Output only the lines below that start at the line containing "IMG0395.jpg" and end at the line containing "Private Traditional Sauna, Ice", with both ends kept.

• [Provided information]
####
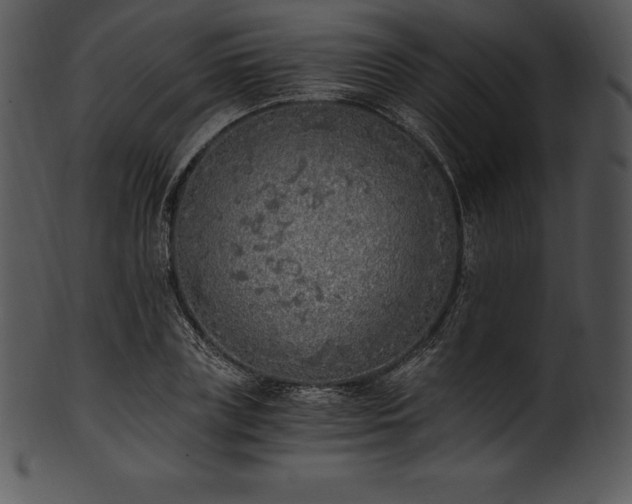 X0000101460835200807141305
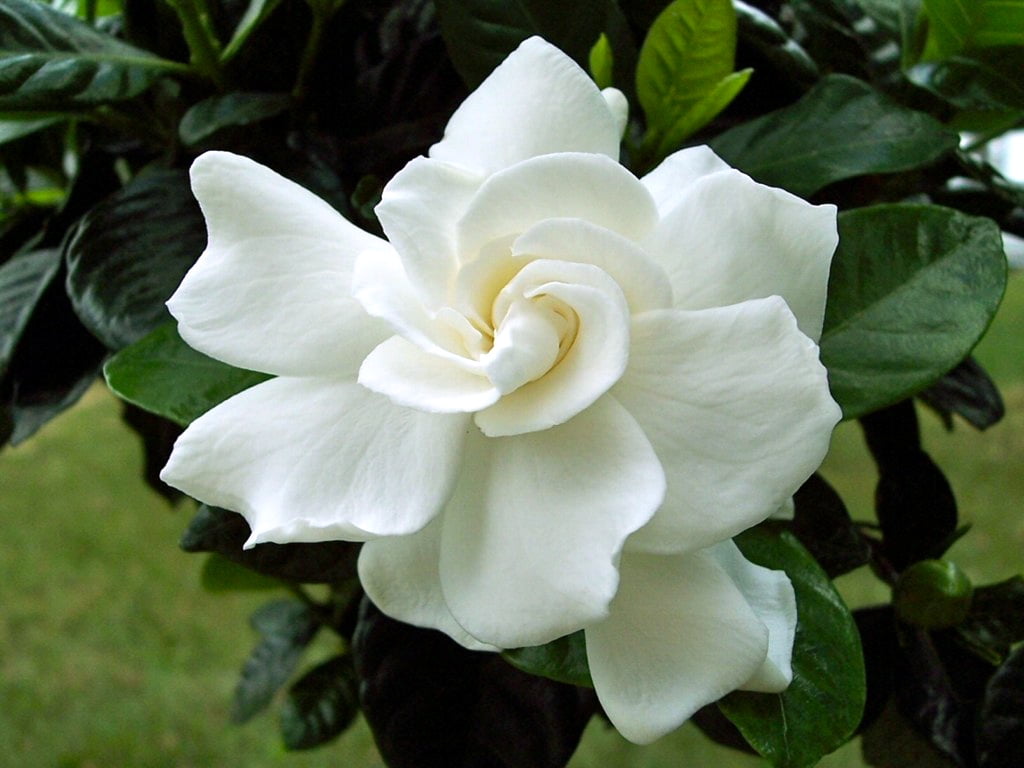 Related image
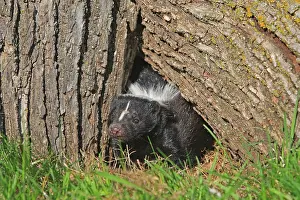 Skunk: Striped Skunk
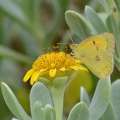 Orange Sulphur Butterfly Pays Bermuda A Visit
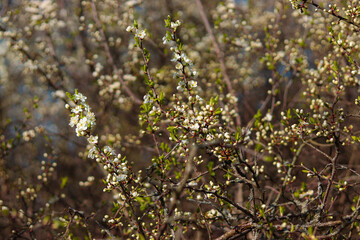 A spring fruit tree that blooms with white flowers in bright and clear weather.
####
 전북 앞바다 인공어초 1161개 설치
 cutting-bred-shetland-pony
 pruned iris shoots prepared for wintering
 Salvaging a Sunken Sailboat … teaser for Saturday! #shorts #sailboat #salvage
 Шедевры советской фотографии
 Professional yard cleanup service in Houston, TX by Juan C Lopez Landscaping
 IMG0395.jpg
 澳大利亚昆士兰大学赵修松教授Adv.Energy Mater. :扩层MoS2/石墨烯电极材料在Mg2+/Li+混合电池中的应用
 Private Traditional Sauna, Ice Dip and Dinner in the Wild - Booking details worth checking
####
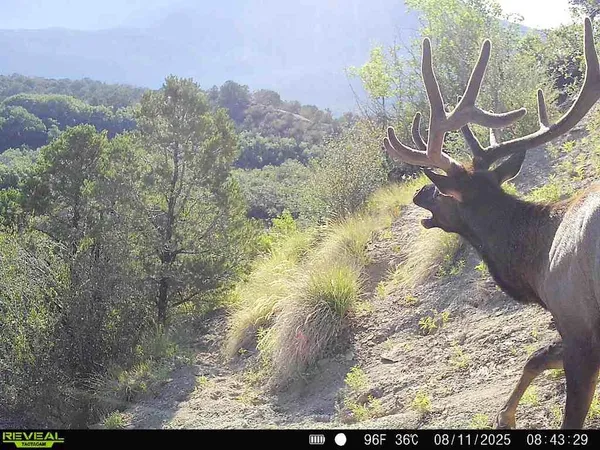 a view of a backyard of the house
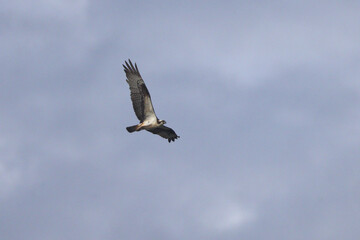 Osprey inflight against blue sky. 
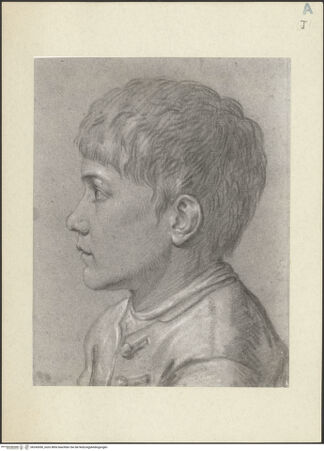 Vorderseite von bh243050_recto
####
• [Result of this task]
 IMG0395.jpg
 澳大利亚昆士兰大学赵修松教授Adv.Energy Mater. :扩层MoS2/石墨烯电极材料在Mg2+/Li+混合电池中的应用
 Private Traditional Sauna, Ice Dip and Dinner in the Wild - Booking details worth checking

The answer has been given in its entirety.